--- GIVEN RECORDS ---

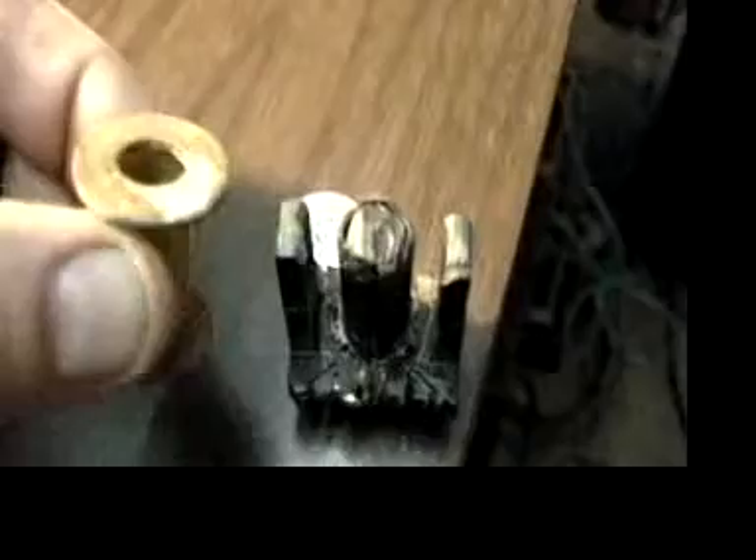To the left is a brass tube, and it's had two washers glued, one on each end.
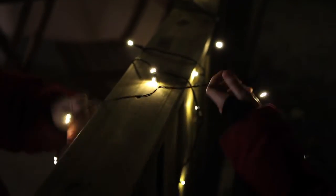Remember, never trail extension leads through windows or doors. Use a larger number of subtle lights with a low wattage rather than one dazzling light with a high energy consumption.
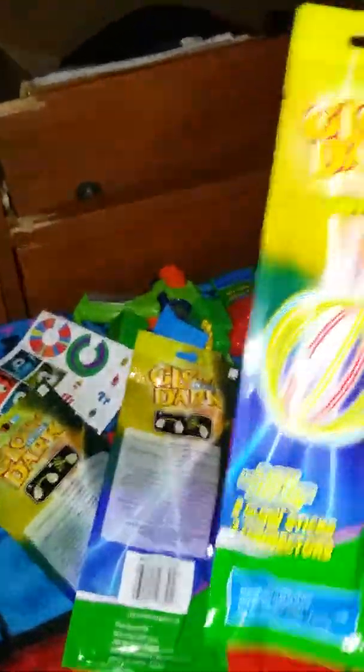We also got some glow sticks. We got a lantern — a toy one. But we're gonna save them until night time, so you'll have to wait for part two kids.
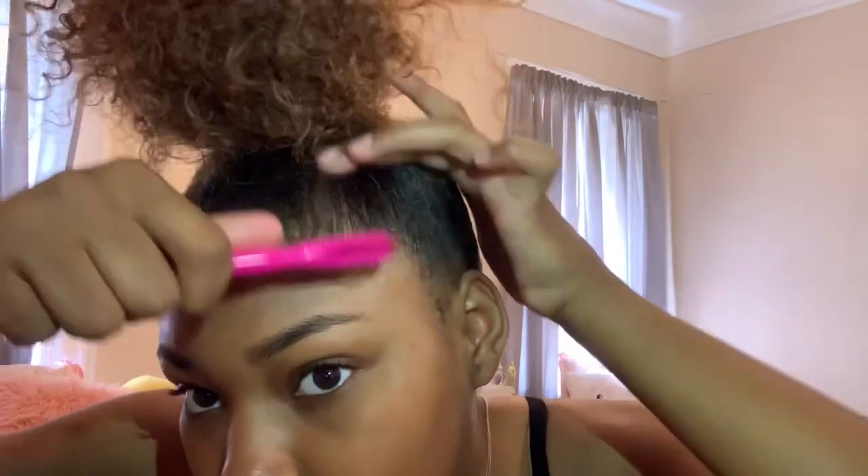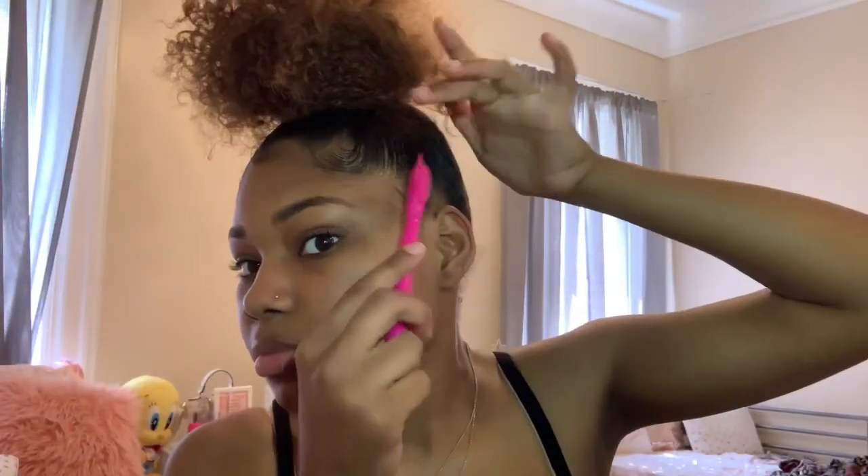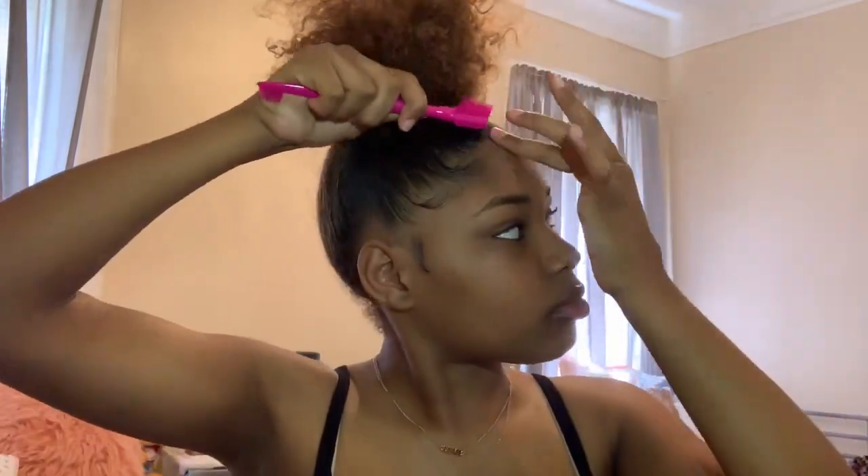Now that I have it how I like, this is when I do my edges. I just dip it in gel a little bit. Once I finish my edges, they're really basic — I don't do all that extra stuff. Then I usually tie my hair down. So that's how I do my buns! If you guys enjoyed, please thumbs it up, subscribe, and don't forget to check out my other videos. Bye!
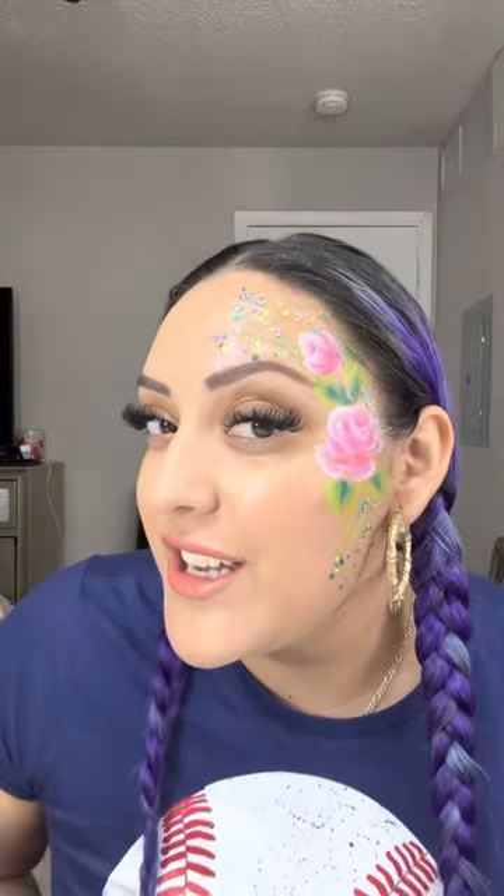But while we were there, they had a face painter — face painters. And so, you know, your girl had to get her face painted. She did an amazing job. And you know, I love flowers. I love roses.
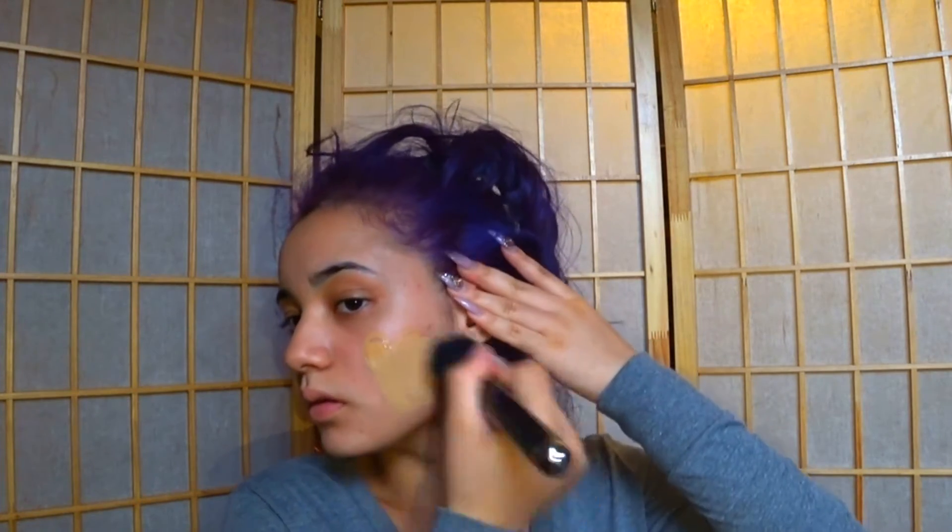Hey guys, it's JLojana here and we're going to get right into this makeup tutorial. I'm already starting off with a bare clean face and I'm using my Marc Jacobs brush to face two and my Neutrogena liquid foundation all over my face.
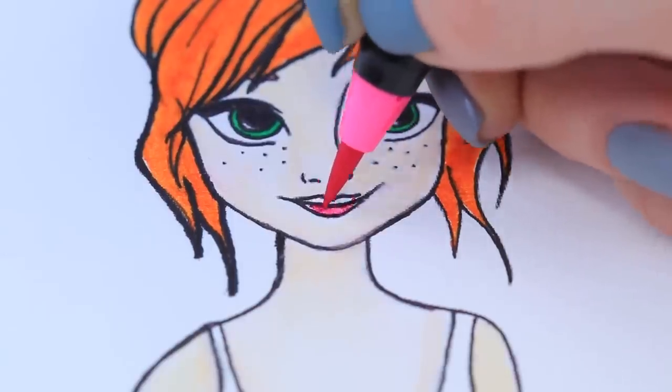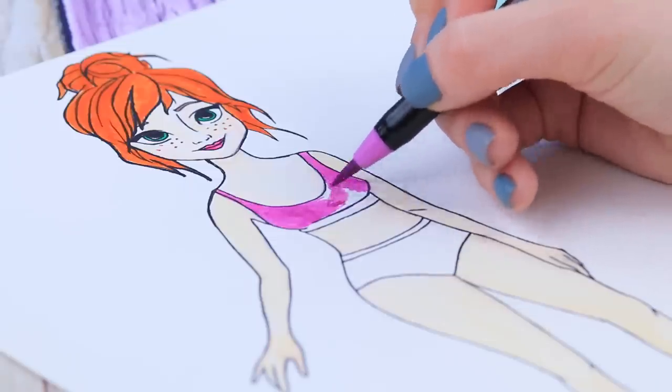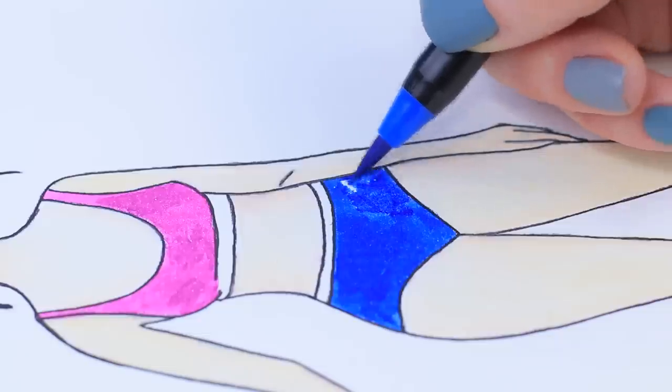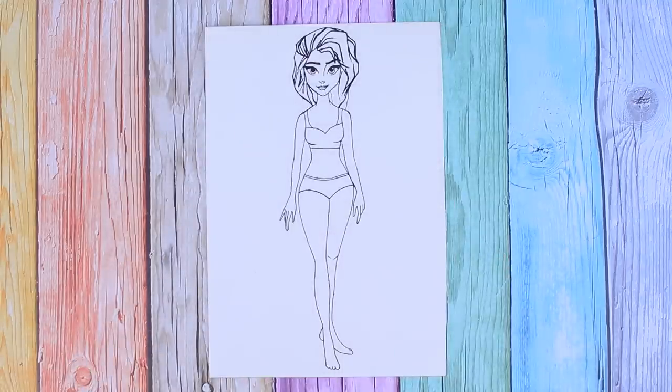Add pink lipstick. Of course, we can't do without freckles! It's time to take care of the clothes! Color the top with a violet marker. Shade the underpants with bright blue. Let's color Elsa so she can support her sister!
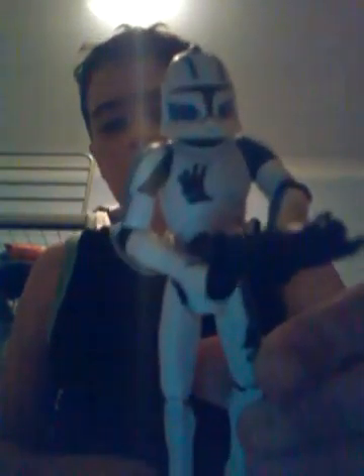Hello YouTube and Star Wars fans, CommanderJet56 here, doing yet another Clone Wars review on two action figures this time — Defend Kamino Echo and Defend Kamino Fives.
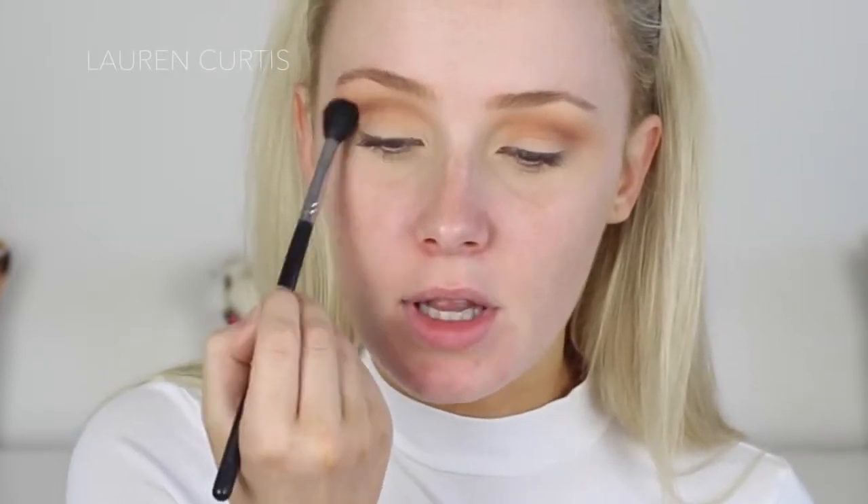The number one thing I get told by girls trying to learn how to do smokey eyes is that they're too scared because they're worried about looking like they have a black eye. But it's so easy to avoid — just start off with as little product as possible and then work your way up. Go in extremely softly with the big brush and blend into the crease even more.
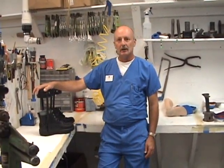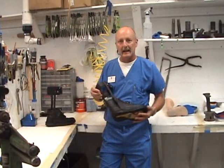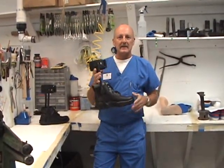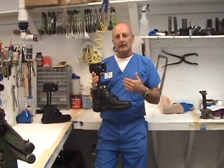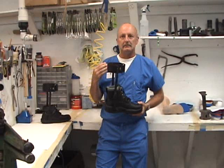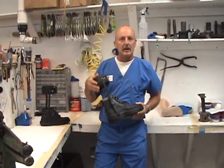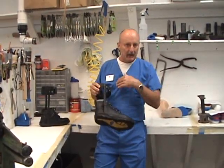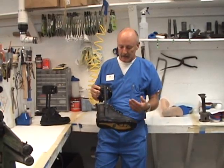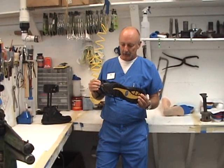We had someone who subscribes to our YouTube channel ask about a double upright AFO that was limited motion. I wanted to put a video out there for her and for anyone else who has questions about their prescription for a double upright AFO. They come in varying designs: dorsiflexion assist, limited motion, double action. We're going to go over a limited motion AFO.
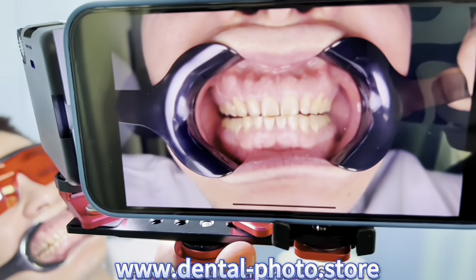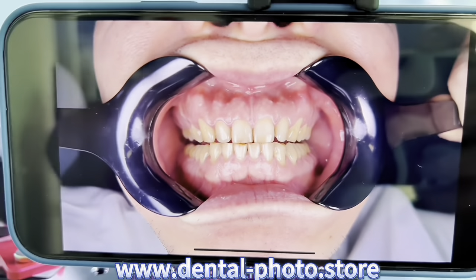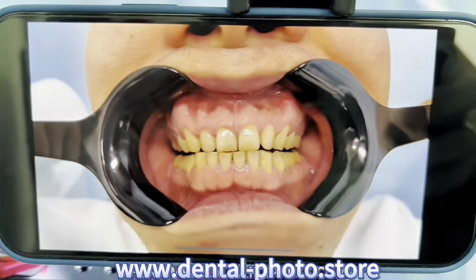Let's take a look at the photos. Here is the first one — the one with the light. As you can see we get the true colors and the lighting is efficient to illuminate all of the oral cavity. And this is the photo with the light off.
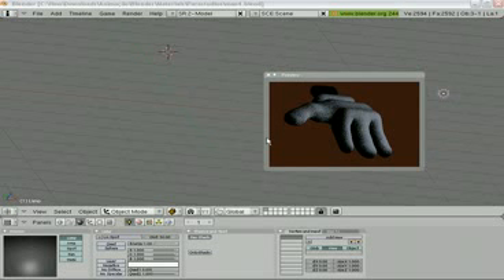If you would like to make a hand cartoon like this, or a cartoon hand like this, please follow the next steps. Let's go.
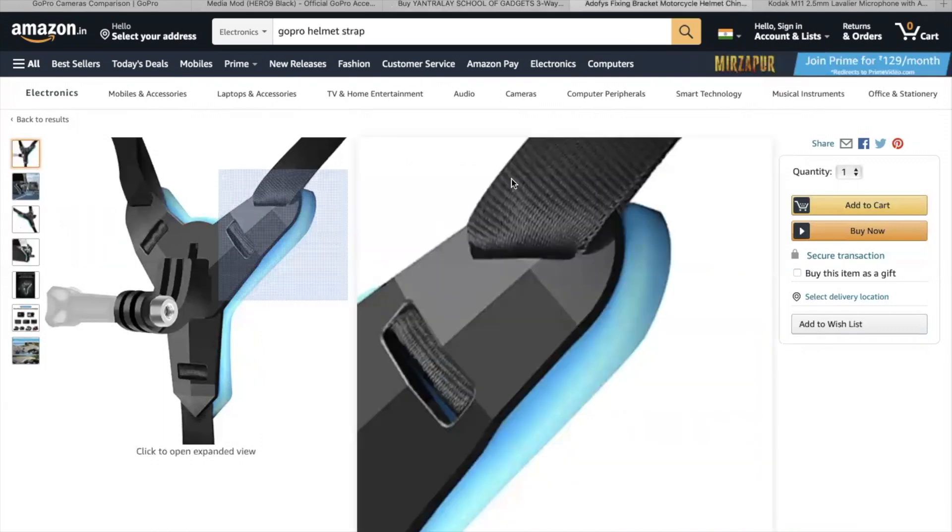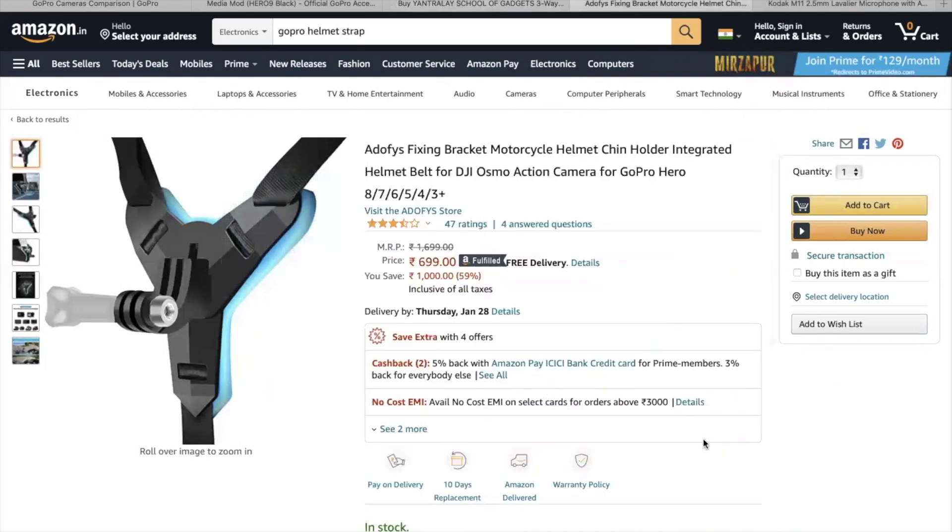Next is the helmet mount. Some people do regular motor vlogging and set the mount on the helmet, while others use a helmet strap instead. You can pick up a helmet strap for around 700 rupees - I'll put the link in the description.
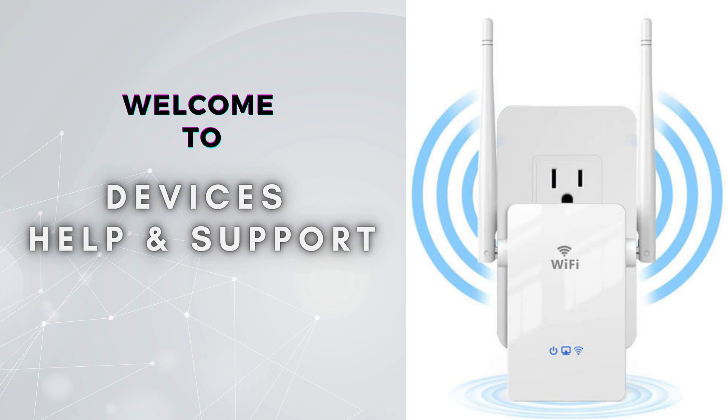Welcome to Device Help Support, your ultimate destination for everything related to device setup, troubleshooting, and optimizing your tech experiences. Subscribe to our YouTube channel for more videos related to setup, troubleshooting, and unboxing. And don't forget to press the bell icon so you don't miss our latest videos.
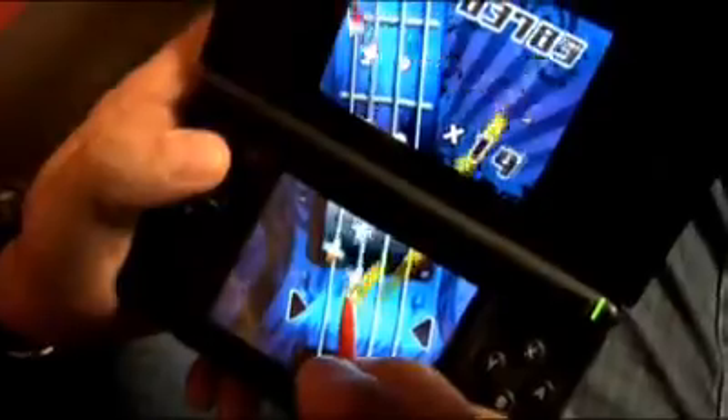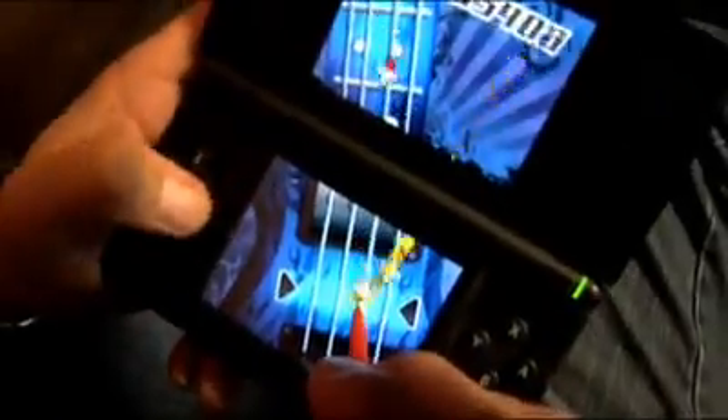I worked on so many different parts of it. I worked on a lot of the instruments and all the hit detection on all of the guitars, and I also worked on the DS-Wii connectivity feature, which is I believe the second game that has DS-Wii connectivity. It gives a whole new level of interactivity between the two games, so it's that much more incentive to have both — and it's a lot of fun.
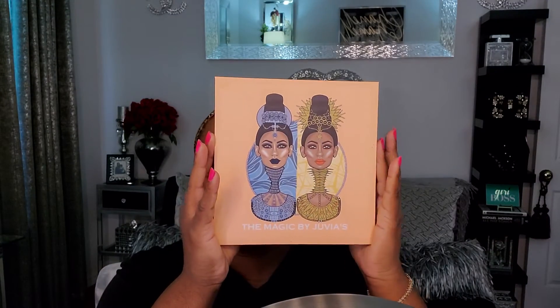Hey you guys, welcome back to my channel. Today I'm going to be doing a makeup tutorial. I'm going to be using my Juvia's Place Magic Palette.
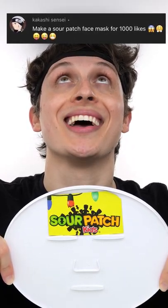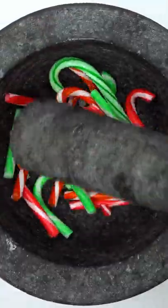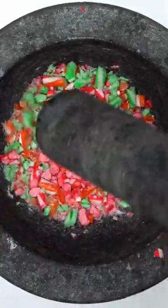Making a sour patch face mask for a thousand likes. Sour patch kids, candy canes — smash, smash, smash. Have you ever had sour patch kids? It's an entire experience when you suck on them. Guess what color the face mask will be.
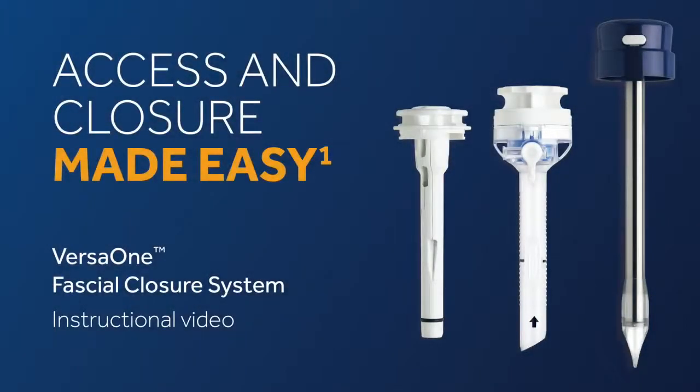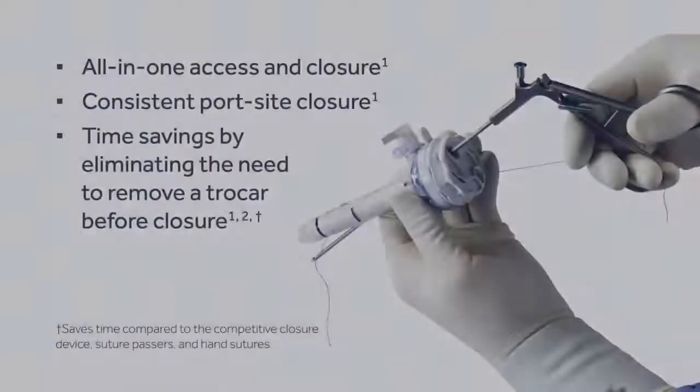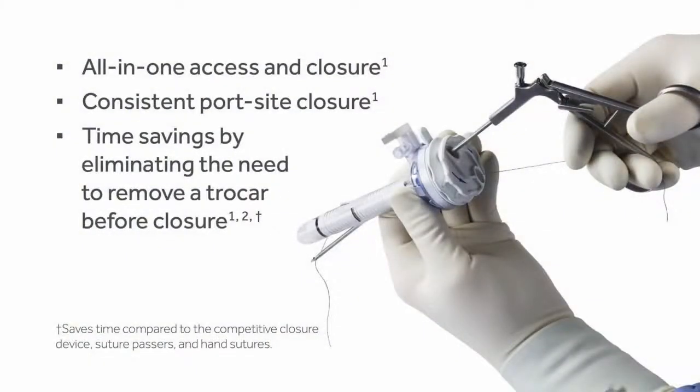Introducing the latest advancement in our VersaOne Trocar platform family: the VersaOne Fascial Closure System, an easy-to-use port site closure device that you can count on during laparoscopic procedures. The VersaOne Fascial Closure System is a multi-functional tool that serves as a Trocar and a fascial closure device.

---

▶ INSTRUCTIONS FOR THE TASK
Copy each line of the records above without change, but do not include any picture.

▶ ANSWER SPACE
To the left is a brass tube, and it's had two washers glued, one on each end.
Remember, never trail extension leads through windows or doors. Use a larger number of subtle lights with a low wattage rather than one dazzling light with a high energy consumption.
We also got some glow sticks. We got a lantern — a toy one. But we're gonna save them until night time, so you'll have to wait for part two kids.
Now that I have it how I like, this is when I do my edges. I just dip it in gel a little bit. Once I finish my edges, they're really basic — I don't do all that extra stuff. Then I usually tie my hair down. So that's how I do my buns! If you guys enjoyed, please thumbs it up, subscribe, and don't forget to check out my other videos. Bye!
But while we were there, they had a face painter — face painters. And so, you know, your girl had to get her face painted. She did an amazing job. And you know, I love flowers. I love roses.
Hey guys, it's JLojana here and we're going to get right into this makeup tutorial. I'm already starting off with a bare clean face and I'm using my Marc Jacobs brush to face two and my Neutrogena liquid foundation all over my face.
Add pink lipstick. Of course, we can't do without freckles! It's time to take care of the clothes! Color the top with a violet marker. Shade the underpants with bright blue. Let's color Elsa so she can support her sister!
Hello YouTube and Star Wars fans, CommanderJet56 here, doing yet another Clone Wars review on two action figures this time — Defend Kamino Echo and Defend Kamino Fives.
The number one thing I get told by girls trying to learn how to do smokey eyes is that they're too scared because they're worried about looking like they have a black eye. But it's so easy to avoid — just start off with as little product as possible and then work your way up. Go in extremely softly with the big brush and blend into the crease even more.
We had someone who subscribes to our YouTube channel ask about a double upright AFO that was limited motion. I wanted to put a video out there for her and for anyone else who has questions about their prescription for a double upright AFO. They come in varying designs: dorsiflexion assist, limited motion, double action. We're going to go over a limited motion AFO.
Let's take a look at the photos. Here is the first one — the one with the light. As you can see we get the true colors and the lighting is efficient to illuminate all of the oral cavity. And this is the photo with the light off.
If you would like to make a hand cartoon like this, or a cartoon hand like this, please follow the next steps. Let's go.
Next is the helmet mount. Some people do regular motor vlogging and set the mount on the helmet, while others use a helmet strap instead. You can pick up a helmet strap for around 700 rupees - I'll put the link in the description.
Welcome to Device Help Support, your ultimate destination for everything related to device setup, troubleshooting, and optimizing your tech experiences. Subscribe to our YouTube channel for more videos related to setup, troubleshooting, and unboxing. And don't forget to press the bell icon so you don't miss our latest videos.
I worked on so many different parts of it. I worked on a lot of the instruments and all the hit detection on all of the guitars, and I also worked on the DS-Wii connectivity feature, which is I believe the second game that has DS-Wii connectivity. It gives a whole new level of interactivity between the two games, so it's that much more incentive to have both — and it's a lot of fun.
Hey you guys, welcome back to my channel. Today I'm going to be doing a makeup tutorial. I'm going to be using my Juvia's Place Magic Palette.
Making a sour patch face mask for a thousand likes. Sour patch kids, candy canes — smash, smash, smash. Have you ever had sour patch kids? It's an entire experience when you suck on them. Guess what color the face mask will be.
Introducing the latest advancement in our VersaOne Trocar platform family: the VersaOne Fascial Closure System, an easy-to-use port site closure device that you can count on during laparoscopic procedures. The VersaOne Fascial Closure System is a multi-functional tool that serves as a Trocar and a fascial closure device.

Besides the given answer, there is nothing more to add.